Field wall stone is revealed in the early stages of quarrying for sedimentary sandstone and is found in the ‘overburden’ layer below vegetation, topsoil, subsoil, and above sandstone and freestone.
This dry stone wall at Shibden Park is made from rough field wall stone donated by Johnson’s Wellfield Quarry and uses extra-long through stones to protrude and create a sequence of simple seats.
Dry Stone Wall Seats
Yoredale Series Limestone
Laid down 350 million years ago Great Scar limestone is typical of the outcrops found at Malham Cove, Gordale Scar and Kilnsey Crag in the Yorkshire Dales National Park. The stone in this dry stone wall panel, known as Yoredale Series Limestone lies above the Great Scar limestone. It is typical of that found high on the upper reaches of Wharfedale above the village of Hubberholme and is characterised by a thin brittle structure.
Yoredale Series Limestone
Dry Stone Shepherd’s Hut with a Corbelled Roof
The dry stone shepherd’s hut was built to provide rough shelter in the upland Yorkshire landscape for a shepherd to live temporarily amongst the flock, especially during lambing.
There are not many examples still standing in Yorkshire but one or two can be found across the side of the Three Peaks area around Ingleton.
The outstanding dry stone feature of the shepherd’s hut is the corbelling technique used to build a circular roof in dry stone without supporting timbers.
The stone used in the construction of the shepherd’s hut at Shibden was kindly donated by Johnson’s Wellfield Quarry in Huddersfield. There were approximately 30 tons of stone used in this construction.
Retaining and Training Walls
This is a training area at Shibden Park Dry Stone Walls in Yorkshire exhibition where the basic drystone walling techniques are taught on a regular basis. The Yorkshire Dry Stone Walling Guild run courses at various locations including Fountains Abbey, Castle Bolton and Bingley.
The dry stone training wall at Shibden is built with bedded sandstone and random limestone and a large retaining wall is constructed with pieces of every type of stone left over from the construction of the whole project.
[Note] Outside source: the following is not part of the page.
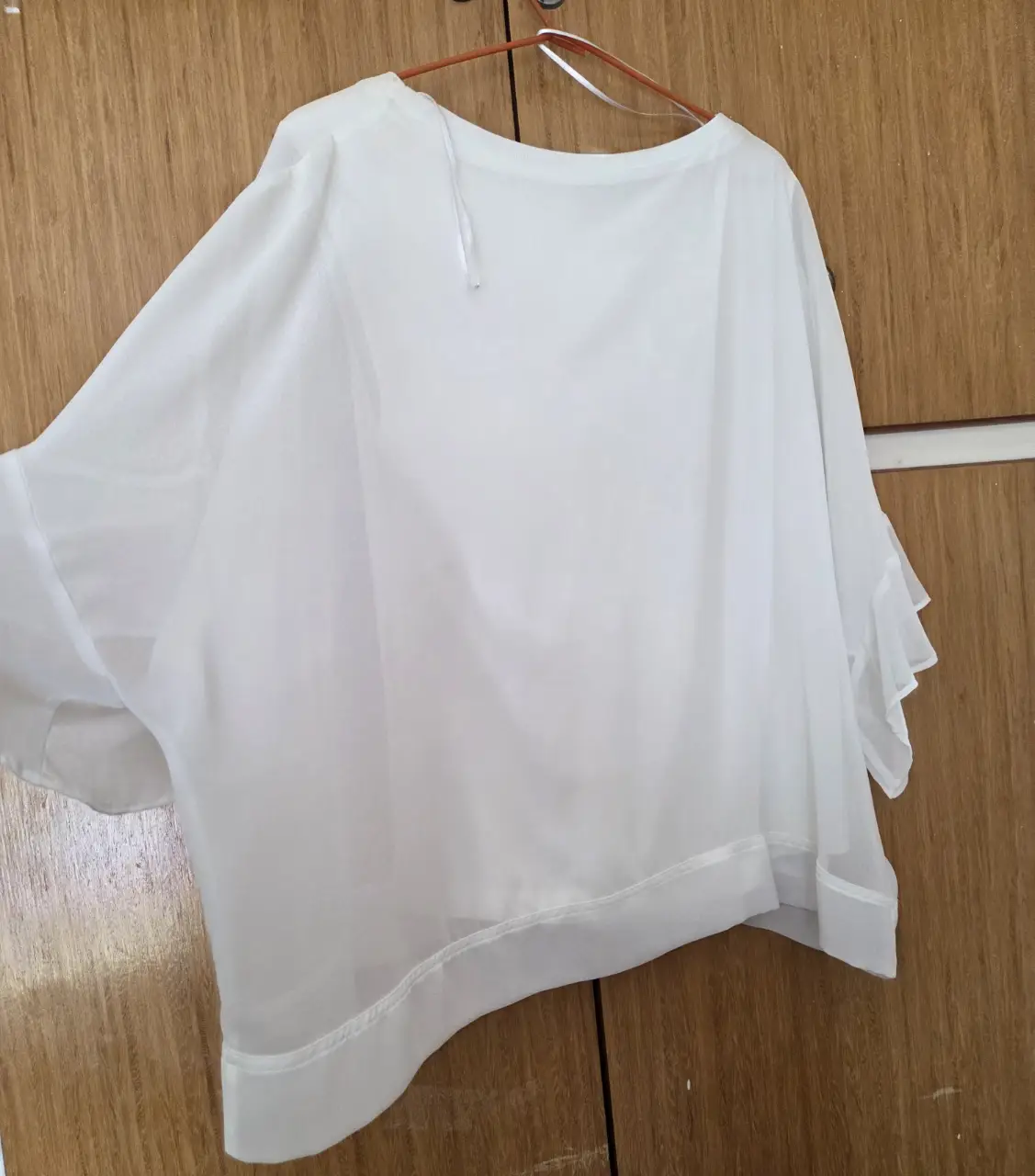 Blusa blanca de tela liviana y fluida, con mangas amplias y detalles de volados. Ideal para un look fresco y elegante.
Note the lines of sandstone used to tie the limestone build together.
Other things to do on your visit to Shibden Park and Shibden Hall
The Shibden Park Dry Stone Walls in Yorkshire Exhibition is located near the Upper car Park (satnav HX3 7XA) within 32 hectares (79 acres) of informal park and woodland, which have won the Green Heritage Award.
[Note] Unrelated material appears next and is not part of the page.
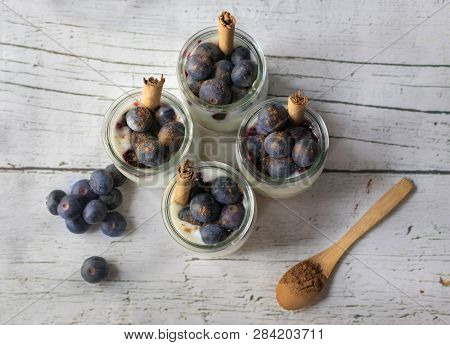 Homemade Yogurt With Blueberries On A White Wooden Table. View From Above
At Shibden Park there is a children’s adventure play area, cafe, boating lake, miniature railway, land train, children’s rides, ducks to feed, and huge gardens so all ages can explore or enjoy picnics and a folk museum with an aisled barn. Of course, there’s also the facinating history of the hall itself to see dating back to 1420 with Shibden Hall, Gentleman Jack – Anne Lister and Ann Walker.